Par jugement du 17 mars 2014, le conseil des prud'hommes a également sursis à statuer dans cette attente.
Par arrêt du 9 décembre 2014, la cour de cassation a cassé l'arrêt prononcé par la cour d'appel seulement en ce qu'il a rejeté les demandes de la société Bayer tendant à la condamnation de Monsieur [H] au paiement des sommes de 174.150 euros et de 7.566,87 euros et a renvoyé les parties devant la cour d'appel de Versailles autrement composée.
En ce qui concerne la somme de 174.150 euros, la cour a reproché à la cour d'appel d'avoir méconnu l'objet du litige en soutenant que le mode de calcul de son préjudice ne pouvait être retenu.
En ce qui concerne la somme de 7.566,87 euros, préjudice résultant, selon la société, de dépenses personnelles effectuées au moyen de fonds sociaux, la cour a reproché à la cour d'appel d'avoir considéré qu'il appartenait à la société de rapporter la preuve du caractère indu de ces dépenses alors qu'il incombe à Monsieur [H] de justifier de celles-ci.
La cour a écarté le moyen tiré de l'absence de décision sur la demande de dommages et intérêts de la somme de 100.000 euros au motif que la cour d'appel a réservé cette demande.
Par acte du 20 janvier 2015, Monsieur [H] a saisi la cour d'appel de Versailles à la suite de cet arrêt. (Procédure 15/600).
Il a également fait rétablir au rôle l'instance prud'homale.

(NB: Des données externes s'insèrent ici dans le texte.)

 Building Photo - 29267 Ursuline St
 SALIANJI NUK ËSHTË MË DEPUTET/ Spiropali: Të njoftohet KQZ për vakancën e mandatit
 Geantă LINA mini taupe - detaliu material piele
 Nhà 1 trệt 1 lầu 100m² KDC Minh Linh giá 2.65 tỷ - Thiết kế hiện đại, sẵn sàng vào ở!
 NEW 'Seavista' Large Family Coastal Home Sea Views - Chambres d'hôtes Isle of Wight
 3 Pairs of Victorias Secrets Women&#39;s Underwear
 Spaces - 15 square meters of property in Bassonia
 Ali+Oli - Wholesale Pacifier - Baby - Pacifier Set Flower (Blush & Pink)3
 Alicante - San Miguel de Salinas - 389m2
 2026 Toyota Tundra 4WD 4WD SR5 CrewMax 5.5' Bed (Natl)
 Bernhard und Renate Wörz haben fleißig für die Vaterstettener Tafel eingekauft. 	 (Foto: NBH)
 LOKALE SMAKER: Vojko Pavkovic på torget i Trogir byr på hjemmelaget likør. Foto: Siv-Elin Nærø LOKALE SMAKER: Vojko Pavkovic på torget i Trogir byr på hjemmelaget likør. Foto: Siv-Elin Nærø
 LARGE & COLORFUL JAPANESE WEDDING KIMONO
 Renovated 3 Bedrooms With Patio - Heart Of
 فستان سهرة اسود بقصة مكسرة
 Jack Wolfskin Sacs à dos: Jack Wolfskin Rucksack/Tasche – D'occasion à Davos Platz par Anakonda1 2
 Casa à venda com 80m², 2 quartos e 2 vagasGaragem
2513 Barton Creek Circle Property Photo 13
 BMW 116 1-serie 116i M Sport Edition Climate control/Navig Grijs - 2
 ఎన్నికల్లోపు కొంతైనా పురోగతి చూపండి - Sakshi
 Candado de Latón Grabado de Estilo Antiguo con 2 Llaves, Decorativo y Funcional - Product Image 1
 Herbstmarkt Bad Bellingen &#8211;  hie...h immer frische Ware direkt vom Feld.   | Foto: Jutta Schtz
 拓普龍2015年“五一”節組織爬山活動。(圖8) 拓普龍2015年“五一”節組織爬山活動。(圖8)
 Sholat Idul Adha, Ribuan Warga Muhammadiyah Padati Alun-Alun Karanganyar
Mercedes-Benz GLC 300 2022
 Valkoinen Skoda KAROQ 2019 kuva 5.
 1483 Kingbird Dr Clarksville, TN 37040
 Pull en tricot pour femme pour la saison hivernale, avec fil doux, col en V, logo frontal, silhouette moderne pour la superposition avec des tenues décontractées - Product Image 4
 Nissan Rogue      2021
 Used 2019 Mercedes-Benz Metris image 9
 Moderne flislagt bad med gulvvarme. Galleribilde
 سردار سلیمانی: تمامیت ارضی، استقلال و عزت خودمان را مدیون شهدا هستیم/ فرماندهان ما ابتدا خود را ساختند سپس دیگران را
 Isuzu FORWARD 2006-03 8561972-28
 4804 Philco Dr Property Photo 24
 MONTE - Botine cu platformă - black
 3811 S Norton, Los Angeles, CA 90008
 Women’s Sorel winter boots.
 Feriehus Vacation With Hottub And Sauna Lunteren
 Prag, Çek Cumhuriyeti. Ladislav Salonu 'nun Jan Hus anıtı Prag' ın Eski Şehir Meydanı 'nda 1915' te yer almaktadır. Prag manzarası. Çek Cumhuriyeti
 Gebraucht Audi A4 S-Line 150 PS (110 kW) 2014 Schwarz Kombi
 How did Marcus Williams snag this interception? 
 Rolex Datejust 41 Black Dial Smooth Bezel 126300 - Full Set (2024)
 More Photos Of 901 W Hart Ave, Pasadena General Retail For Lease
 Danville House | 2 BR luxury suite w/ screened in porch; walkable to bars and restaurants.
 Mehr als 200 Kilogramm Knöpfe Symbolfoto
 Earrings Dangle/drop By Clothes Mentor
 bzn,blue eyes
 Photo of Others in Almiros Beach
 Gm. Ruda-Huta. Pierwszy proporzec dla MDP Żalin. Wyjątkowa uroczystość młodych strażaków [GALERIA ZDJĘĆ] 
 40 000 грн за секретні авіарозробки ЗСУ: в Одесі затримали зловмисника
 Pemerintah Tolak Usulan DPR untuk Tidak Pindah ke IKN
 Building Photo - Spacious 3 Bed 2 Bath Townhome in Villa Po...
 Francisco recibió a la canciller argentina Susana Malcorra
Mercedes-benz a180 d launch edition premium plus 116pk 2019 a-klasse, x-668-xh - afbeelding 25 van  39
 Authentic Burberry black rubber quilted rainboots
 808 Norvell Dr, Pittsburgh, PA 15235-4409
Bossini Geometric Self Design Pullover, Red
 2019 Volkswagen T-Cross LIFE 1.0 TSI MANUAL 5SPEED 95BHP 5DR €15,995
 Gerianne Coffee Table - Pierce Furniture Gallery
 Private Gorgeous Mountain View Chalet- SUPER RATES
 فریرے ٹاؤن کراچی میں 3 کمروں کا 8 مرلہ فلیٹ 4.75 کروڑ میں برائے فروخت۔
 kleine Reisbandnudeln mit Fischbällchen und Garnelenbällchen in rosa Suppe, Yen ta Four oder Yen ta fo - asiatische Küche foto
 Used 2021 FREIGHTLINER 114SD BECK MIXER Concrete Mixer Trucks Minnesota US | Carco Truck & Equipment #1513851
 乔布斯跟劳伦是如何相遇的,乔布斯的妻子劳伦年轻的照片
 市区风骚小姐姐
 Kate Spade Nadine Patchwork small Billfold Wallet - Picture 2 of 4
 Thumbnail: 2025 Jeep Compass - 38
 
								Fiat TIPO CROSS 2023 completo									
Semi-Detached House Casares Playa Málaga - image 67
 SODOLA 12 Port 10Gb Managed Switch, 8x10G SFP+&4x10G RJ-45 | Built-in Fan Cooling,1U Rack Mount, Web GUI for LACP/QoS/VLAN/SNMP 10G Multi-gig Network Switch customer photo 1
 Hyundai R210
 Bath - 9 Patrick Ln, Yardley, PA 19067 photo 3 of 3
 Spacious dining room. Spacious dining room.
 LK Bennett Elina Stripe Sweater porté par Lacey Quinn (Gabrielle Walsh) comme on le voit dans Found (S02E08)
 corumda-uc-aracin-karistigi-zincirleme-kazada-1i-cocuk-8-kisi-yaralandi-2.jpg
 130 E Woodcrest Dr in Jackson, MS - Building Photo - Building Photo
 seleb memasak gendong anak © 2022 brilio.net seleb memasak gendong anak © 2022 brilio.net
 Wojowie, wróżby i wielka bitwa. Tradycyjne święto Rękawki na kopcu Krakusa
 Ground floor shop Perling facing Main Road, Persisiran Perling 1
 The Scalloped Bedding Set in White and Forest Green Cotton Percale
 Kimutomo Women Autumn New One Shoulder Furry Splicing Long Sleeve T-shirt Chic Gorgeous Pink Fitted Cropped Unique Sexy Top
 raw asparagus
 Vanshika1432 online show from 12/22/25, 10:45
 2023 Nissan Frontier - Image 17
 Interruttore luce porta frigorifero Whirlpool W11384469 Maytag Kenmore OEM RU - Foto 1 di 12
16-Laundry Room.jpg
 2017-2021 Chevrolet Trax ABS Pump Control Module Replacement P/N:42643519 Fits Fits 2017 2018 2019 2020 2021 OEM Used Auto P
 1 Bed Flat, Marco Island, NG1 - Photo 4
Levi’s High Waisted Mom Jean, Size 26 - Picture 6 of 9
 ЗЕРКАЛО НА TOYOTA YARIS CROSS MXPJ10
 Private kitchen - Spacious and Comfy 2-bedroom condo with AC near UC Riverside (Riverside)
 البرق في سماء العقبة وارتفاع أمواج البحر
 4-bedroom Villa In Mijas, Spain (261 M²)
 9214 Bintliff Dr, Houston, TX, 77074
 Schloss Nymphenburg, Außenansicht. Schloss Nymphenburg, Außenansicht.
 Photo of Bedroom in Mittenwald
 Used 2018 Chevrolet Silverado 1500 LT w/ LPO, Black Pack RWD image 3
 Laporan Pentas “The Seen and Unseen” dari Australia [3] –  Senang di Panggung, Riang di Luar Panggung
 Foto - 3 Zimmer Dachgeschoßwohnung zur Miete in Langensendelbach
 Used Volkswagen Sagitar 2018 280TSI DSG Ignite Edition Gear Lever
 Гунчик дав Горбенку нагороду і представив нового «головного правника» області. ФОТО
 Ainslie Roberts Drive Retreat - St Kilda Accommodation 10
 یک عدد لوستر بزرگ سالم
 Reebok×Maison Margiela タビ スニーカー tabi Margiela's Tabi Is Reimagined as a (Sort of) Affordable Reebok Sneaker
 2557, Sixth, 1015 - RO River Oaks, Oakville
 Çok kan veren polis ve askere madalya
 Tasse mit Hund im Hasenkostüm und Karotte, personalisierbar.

La procédure ayant été radiée a été rétablie sous le numéro 15/571.
Par ordonnance du 14 septembre 2015, le conseiller de la mise en état a rejeté les demandes de jonction des deux procédures pendantes devant la cour et de sursis à statuer dans l'attente de la décision du conseil des prud'hommes présentées par la société Bayer SAS.
Les procédures portant les numéros 15/571 et 15/600 ont fait l'objet de débats tenus le même jour.
Par jugement du 30 novembre 2015, le conseil des prud'hommes a :
dit que Monsieur [H] n'est pas éligible au plan de départ volontaire et au bénéfice du plan de retraite qui y était adossé
dit que toutes les sommes qui lui ont été versées à ce titre ne lui étaient pas dues
rejeté ses demandes
condamné Monsieur [H] au paiement d'une amende civile de 3.000 euros.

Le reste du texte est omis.